For some, the operation also quietly represents a two-for-one gain. By provoking a crisis in the High North to maintain control over the GIUK gap and new arctic routes, the United States creates a dilemma that Ottawa cannot solve, turning Canada from a neighbouring ally into a vassal US state.

In Europe, the diplomatic mood is sour. Copenhagen has instructed its troops in Greenland to "shoot first and ask questions later" should American boots touch the ground. European allies, terrified of abandoning a NATO member but terrified equally of fighting the United States, have pledged a tripwire force of French and German troops to the island.

A clash over Greenland might remain a localized skirmish or cascade into a global conflagration. Such is the inherent unpredictability of war.

This puts Canada in an impossible position. Denmark is a NATO ally. If it invokes Article 5, Canada is treaty-bound to come to its aid. Yet Canada is geographically fused to the aggressor. If Ottawa honours its NATO obligations, it effectively declares war on the superpower next door. This is a suicidal gesture for a country whose military is chronically underfunded and whose population is clustered within a hundred miles of the American border.

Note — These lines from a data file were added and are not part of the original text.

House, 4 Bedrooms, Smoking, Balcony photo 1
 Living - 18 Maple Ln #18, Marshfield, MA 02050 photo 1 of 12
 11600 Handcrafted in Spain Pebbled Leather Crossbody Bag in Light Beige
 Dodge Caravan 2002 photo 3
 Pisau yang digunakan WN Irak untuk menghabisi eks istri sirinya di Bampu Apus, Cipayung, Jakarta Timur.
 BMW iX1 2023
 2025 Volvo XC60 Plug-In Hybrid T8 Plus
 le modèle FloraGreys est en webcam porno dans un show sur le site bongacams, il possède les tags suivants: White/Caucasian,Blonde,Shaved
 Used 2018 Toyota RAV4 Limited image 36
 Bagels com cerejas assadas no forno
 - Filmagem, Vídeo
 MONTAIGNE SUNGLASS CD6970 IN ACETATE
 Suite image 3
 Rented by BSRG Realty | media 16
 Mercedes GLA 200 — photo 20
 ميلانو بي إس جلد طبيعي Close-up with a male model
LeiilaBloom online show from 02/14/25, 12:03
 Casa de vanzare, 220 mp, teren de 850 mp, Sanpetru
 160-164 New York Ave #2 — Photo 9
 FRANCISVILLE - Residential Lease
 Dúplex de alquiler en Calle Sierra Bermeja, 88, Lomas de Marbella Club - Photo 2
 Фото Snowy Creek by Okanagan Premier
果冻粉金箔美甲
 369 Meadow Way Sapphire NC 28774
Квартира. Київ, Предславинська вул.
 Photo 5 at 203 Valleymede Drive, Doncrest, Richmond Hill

If Canada refuses to honour its NATO obligations, declaring neutrality, it falls into another trap. Under the Hague Convention, a neutral state must prevent belligerents from using its territory. Realistically, Canada cannot do this and would be deemed unable or unwilling to enforce its neutrality. Canada would be at the mercy of American military strategy.

Either through force or cooperation, the US needs access to Canada to support any prolonged incursion into Greenland. To project power into Greenland effectively, the US Air Force needs to fly directly over Canada. Canada lacks the interceptors, surface-to-air missiles, or radar density to stop advanced American aircraft. Canada literally cannot close its own sky. Sustaining a war also requires massive logistics—fuel, munitions, staging grounds. The most efficient routes to the high north utilize Canadian rail, roads, and airbases (like CFB Goose Bay). Without Canadian cooperation, the US supply chain is stretched thin over open ocean; with forced cooperation, Canada becomes a forward operating base.

This becomes a precursor to annexation. Canada, trying to stay out of a war between NATO allies (US vs. Denmark), could refuse access to maintain neutrality. The US, deeming the Greenland mission critical to national security, ignores the refusal and uses Canadian airspace anyway. Once the US is actively ignoring Canadian sovereignty to move troops, it effectively controls the territory.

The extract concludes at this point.